PROBLEM TO SOLVE » Scan the records below for the line with "Table de chevet" and the line with "Duet Cognac Side Pocket Short Skirt". Repeat those two lines and every line between them exactly, and nothing else.

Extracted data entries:
★ ★ ★ ★ ★

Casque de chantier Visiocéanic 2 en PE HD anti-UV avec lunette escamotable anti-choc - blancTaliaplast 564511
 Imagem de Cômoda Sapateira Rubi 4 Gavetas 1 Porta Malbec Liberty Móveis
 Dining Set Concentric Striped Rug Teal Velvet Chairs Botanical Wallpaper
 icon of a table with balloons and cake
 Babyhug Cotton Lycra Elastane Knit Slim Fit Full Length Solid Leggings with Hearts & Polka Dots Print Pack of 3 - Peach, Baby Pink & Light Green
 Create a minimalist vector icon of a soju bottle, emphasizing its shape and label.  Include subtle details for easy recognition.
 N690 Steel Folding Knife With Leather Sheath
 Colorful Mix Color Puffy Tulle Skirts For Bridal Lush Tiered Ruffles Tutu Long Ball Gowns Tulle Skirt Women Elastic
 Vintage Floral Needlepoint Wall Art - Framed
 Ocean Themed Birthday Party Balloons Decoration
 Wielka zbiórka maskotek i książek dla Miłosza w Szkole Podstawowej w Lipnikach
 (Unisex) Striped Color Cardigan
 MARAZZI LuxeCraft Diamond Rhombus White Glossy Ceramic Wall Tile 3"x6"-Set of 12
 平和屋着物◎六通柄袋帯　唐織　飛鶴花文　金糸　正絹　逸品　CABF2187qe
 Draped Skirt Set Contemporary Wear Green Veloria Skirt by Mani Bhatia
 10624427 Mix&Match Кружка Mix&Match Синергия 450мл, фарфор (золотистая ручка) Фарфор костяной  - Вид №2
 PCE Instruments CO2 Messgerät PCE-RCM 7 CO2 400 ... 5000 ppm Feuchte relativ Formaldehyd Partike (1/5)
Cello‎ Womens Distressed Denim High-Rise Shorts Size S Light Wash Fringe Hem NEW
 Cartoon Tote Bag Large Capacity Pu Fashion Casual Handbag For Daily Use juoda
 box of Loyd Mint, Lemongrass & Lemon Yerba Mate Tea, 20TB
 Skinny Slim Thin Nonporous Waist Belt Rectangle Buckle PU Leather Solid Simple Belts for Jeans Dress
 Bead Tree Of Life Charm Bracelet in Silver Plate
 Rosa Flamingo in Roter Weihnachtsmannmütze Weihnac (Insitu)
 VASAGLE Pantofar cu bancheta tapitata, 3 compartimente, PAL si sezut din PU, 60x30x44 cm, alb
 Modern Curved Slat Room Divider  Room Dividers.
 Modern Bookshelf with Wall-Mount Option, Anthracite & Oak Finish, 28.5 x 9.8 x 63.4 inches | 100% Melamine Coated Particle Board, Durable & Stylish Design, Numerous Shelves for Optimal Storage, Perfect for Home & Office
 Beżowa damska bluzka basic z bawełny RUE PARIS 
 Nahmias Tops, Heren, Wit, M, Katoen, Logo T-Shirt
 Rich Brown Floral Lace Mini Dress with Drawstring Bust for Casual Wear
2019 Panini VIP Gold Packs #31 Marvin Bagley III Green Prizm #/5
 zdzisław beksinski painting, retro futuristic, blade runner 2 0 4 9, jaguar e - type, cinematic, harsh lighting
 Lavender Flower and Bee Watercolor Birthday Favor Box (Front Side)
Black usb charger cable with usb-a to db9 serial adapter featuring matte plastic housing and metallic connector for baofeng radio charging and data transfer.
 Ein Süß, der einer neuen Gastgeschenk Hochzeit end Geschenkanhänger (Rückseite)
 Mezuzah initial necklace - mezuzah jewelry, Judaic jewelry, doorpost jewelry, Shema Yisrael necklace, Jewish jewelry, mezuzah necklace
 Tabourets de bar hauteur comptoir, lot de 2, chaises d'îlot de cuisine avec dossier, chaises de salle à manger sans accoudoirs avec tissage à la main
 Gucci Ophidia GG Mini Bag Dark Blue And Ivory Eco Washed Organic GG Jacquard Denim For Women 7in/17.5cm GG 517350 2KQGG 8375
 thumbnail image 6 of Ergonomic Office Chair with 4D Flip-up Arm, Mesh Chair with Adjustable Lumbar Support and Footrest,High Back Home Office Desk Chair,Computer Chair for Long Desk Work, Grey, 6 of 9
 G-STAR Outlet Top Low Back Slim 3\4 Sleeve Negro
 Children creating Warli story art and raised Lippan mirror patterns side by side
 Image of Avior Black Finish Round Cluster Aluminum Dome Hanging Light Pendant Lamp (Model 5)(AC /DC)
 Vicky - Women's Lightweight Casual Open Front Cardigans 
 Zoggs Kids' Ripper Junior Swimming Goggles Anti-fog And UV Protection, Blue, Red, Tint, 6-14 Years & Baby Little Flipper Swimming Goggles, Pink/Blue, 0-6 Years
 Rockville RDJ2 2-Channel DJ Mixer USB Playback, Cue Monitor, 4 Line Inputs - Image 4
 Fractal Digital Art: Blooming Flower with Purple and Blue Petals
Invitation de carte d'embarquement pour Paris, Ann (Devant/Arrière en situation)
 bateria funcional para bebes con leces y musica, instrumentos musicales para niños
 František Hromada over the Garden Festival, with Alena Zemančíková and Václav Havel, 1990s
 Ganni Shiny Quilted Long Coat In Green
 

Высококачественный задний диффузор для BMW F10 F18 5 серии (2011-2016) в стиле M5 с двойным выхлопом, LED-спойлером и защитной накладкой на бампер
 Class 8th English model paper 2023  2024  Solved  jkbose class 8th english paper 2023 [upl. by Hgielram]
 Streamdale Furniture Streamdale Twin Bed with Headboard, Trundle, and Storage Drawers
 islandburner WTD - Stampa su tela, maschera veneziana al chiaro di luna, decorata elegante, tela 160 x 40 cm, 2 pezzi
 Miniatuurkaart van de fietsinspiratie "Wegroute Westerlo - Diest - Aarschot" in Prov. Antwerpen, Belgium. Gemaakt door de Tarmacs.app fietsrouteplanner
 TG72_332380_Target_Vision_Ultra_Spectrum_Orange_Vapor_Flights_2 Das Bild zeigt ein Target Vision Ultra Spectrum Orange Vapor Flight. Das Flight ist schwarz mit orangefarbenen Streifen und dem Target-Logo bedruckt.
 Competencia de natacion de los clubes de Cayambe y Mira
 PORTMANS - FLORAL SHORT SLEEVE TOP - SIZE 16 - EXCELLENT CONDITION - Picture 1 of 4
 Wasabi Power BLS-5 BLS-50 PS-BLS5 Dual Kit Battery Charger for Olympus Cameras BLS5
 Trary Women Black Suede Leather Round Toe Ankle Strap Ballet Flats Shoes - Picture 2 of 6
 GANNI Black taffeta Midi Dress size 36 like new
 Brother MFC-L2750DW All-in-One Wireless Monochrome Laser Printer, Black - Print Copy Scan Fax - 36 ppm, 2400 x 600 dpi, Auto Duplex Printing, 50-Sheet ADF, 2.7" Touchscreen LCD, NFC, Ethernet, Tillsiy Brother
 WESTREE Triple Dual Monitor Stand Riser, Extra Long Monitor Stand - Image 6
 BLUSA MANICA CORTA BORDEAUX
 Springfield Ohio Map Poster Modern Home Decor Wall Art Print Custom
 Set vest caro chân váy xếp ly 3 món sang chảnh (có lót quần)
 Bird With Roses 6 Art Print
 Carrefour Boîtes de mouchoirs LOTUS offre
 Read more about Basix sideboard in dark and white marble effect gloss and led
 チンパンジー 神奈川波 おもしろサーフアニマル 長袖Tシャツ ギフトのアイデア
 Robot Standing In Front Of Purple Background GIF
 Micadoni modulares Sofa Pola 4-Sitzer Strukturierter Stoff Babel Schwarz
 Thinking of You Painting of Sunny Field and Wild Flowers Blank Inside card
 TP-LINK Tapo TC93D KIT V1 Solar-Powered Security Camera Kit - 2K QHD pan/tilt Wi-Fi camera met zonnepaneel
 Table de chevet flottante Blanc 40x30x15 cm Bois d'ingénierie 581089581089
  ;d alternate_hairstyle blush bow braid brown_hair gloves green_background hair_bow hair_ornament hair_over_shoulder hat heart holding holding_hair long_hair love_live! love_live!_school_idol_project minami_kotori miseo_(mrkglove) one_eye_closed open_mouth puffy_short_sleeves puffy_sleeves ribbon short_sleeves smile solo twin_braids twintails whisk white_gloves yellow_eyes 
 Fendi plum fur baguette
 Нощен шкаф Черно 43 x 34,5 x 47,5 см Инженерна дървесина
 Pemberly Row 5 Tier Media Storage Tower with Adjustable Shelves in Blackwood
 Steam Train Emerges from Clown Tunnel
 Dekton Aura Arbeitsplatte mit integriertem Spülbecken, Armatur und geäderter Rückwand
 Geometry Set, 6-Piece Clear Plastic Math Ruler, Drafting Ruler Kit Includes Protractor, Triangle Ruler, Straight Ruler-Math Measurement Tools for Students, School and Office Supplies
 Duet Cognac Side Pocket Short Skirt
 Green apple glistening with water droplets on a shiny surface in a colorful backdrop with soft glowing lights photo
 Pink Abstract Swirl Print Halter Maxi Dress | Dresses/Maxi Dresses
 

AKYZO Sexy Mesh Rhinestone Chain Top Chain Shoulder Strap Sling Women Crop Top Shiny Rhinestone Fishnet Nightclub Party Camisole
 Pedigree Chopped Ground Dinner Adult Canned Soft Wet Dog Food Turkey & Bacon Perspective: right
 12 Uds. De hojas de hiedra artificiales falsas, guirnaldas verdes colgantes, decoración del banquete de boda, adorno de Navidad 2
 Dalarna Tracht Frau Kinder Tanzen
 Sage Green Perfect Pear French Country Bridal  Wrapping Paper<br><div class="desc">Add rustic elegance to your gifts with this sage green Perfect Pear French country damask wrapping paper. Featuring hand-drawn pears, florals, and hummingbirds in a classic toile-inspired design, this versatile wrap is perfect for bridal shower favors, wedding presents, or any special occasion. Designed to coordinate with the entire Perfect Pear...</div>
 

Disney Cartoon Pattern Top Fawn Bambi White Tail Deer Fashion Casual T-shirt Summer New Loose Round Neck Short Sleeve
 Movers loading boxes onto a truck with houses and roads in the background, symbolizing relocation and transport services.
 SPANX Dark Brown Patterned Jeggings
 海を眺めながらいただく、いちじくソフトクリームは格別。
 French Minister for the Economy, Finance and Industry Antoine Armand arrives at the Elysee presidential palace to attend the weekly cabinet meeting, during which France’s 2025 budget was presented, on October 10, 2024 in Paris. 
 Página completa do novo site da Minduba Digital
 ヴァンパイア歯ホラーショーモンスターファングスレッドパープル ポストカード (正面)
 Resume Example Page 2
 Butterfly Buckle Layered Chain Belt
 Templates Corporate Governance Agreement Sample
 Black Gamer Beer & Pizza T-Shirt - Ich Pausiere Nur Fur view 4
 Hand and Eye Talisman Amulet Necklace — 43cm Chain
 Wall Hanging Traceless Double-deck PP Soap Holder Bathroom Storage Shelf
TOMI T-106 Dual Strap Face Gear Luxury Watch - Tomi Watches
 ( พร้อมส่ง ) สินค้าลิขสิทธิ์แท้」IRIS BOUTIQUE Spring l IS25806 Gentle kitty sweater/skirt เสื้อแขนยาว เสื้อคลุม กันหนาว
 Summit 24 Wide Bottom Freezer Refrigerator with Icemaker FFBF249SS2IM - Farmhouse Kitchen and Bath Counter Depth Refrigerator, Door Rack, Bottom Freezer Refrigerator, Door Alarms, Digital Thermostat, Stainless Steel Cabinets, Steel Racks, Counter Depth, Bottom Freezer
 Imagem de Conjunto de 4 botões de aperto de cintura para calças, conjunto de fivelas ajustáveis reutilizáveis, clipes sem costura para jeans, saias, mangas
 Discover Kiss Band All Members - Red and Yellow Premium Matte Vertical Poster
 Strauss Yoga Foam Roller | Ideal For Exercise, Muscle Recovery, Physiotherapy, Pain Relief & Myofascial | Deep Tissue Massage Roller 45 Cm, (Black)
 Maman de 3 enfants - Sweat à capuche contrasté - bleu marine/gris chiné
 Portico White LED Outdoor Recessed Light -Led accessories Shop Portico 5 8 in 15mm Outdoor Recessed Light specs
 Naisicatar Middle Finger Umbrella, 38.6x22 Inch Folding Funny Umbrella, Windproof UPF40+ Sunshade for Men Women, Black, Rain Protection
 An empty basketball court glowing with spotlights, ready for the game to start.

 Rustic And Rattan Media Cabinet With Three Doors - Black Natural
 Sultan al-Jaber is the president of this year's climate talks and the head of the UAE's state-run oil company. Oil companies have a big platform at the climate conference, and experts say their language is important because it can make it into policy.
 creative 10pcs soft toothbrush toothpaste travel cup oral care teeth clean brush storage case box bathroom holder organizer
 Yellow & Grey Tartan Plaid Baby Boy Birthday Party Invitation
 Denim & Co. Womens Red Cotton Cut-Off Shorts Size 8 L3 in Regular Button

★ ★ ★ ★ ★

WORKED SOLUTION »
 Table de chevet flottante Blanc 40x30x15 cm Bois d'ingénierie 581089581089
  ;d alternate_hairstyle blush bow braid brown_hair gloves green_background hair_bow hair_ornament hair_over_shoulder hat heart holding holding_hair long_hair love_live! love_live!_school_idol_project minami_kotori miseo_(mrkglove) one_eye_closed open_mouth puffy_short_sleeves puffy_sleeves ribbon short_sleeves smile solo twin_braids twintails whisk white_gloves yellow_eyes 
 Fendi plum fur baguette
 Нощен шкаф Черно 43 x 34,5 x 47,5 см Инженерна дървесина
 Pemberly Row 5 Tier Media Storage Tower with Adjustable Shelves in Blackwood
 Steam Train Emerges from Clown Tunnel
 Dekton Aura Arbeitsplatte mit integriertem Spülbecken, Armatur und geäderter Rückwand
 Geometry Set, 6-Piece Clear Plastic Math Ruler, Drafting Ruler Kit Includes Protractor, Triangle Ruler, Straight Ruler-Math Measurement Tools for Students, School and Office Supplies
 Duet Cognac Side Pocket Short Skirt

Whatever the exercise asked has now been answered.